What is being asked: Print out the data that follows exactly, character for character, apart from the pictures.

Data extract:
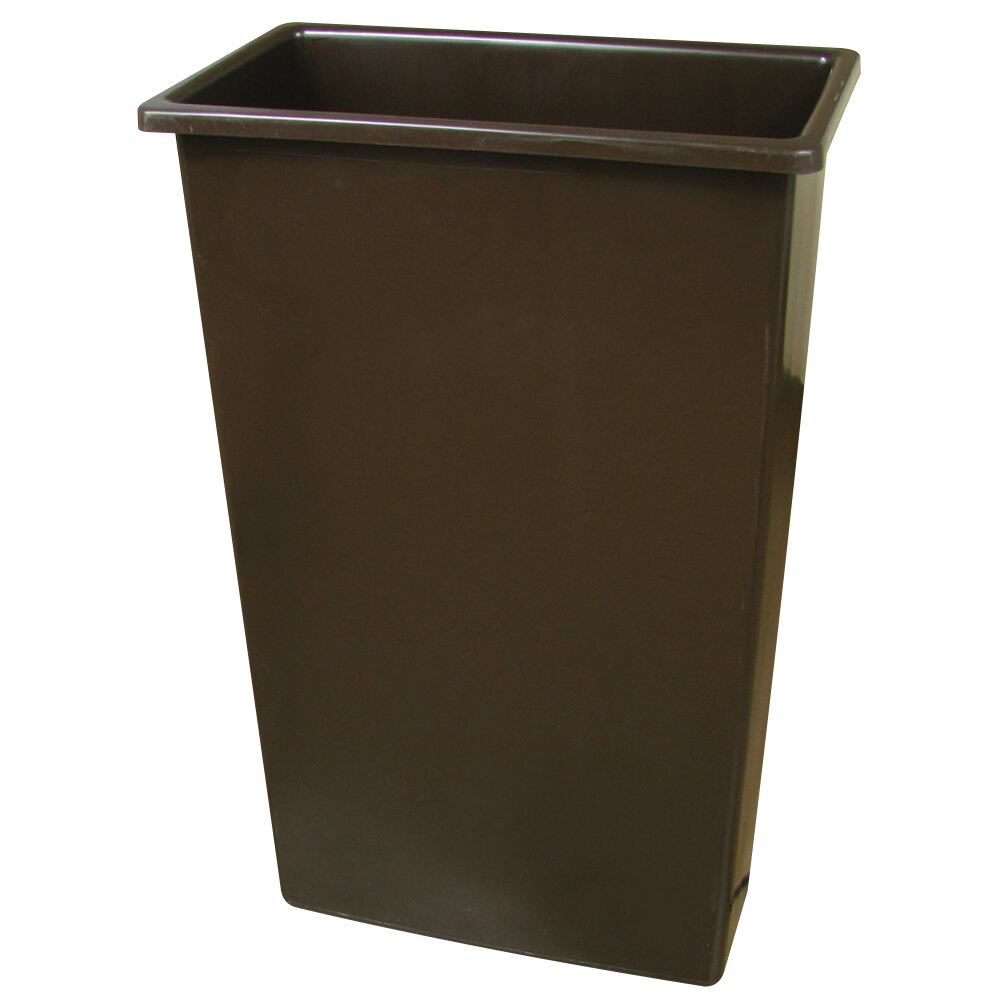 Continental 8322BN 23 Gallon Wall Hugger Brown Trash Can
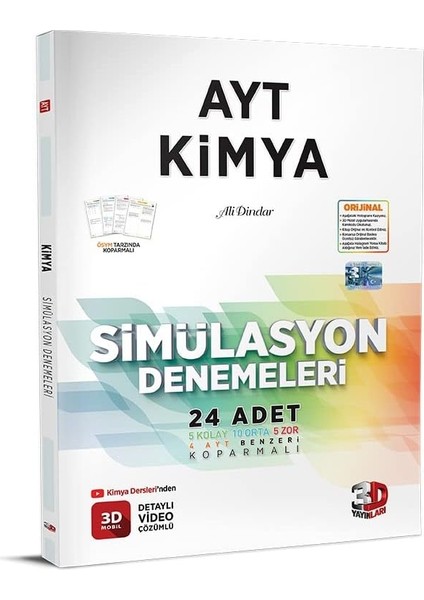 3D Ayt Kimya 24 Simülasyon Deneme Sınavı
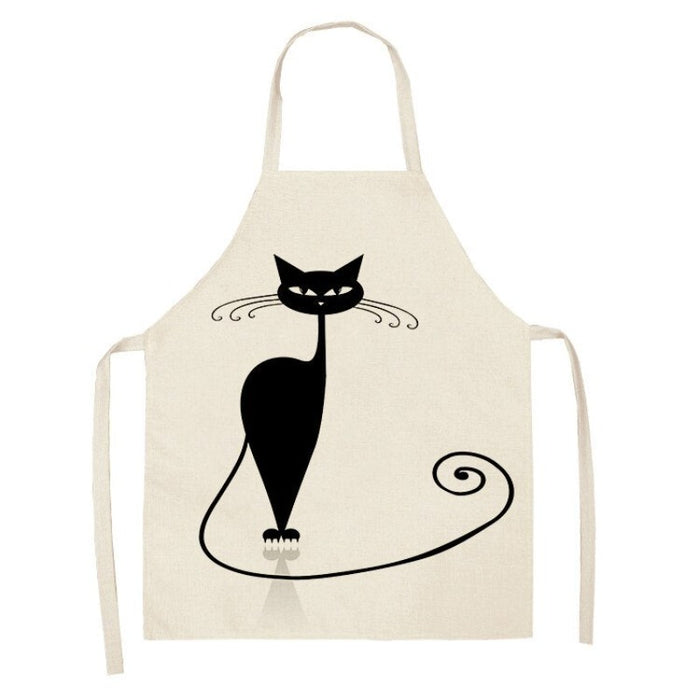 Black Cat Patterned Kitchen Apron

Response box:
 Continental 8322BN 23 Gallon Wall Hugger Brown Trash Can
 3D Ayt Kimya 24 Simülasyon Deneme Sınavı
 Black Cat Patterned Kitchen Apron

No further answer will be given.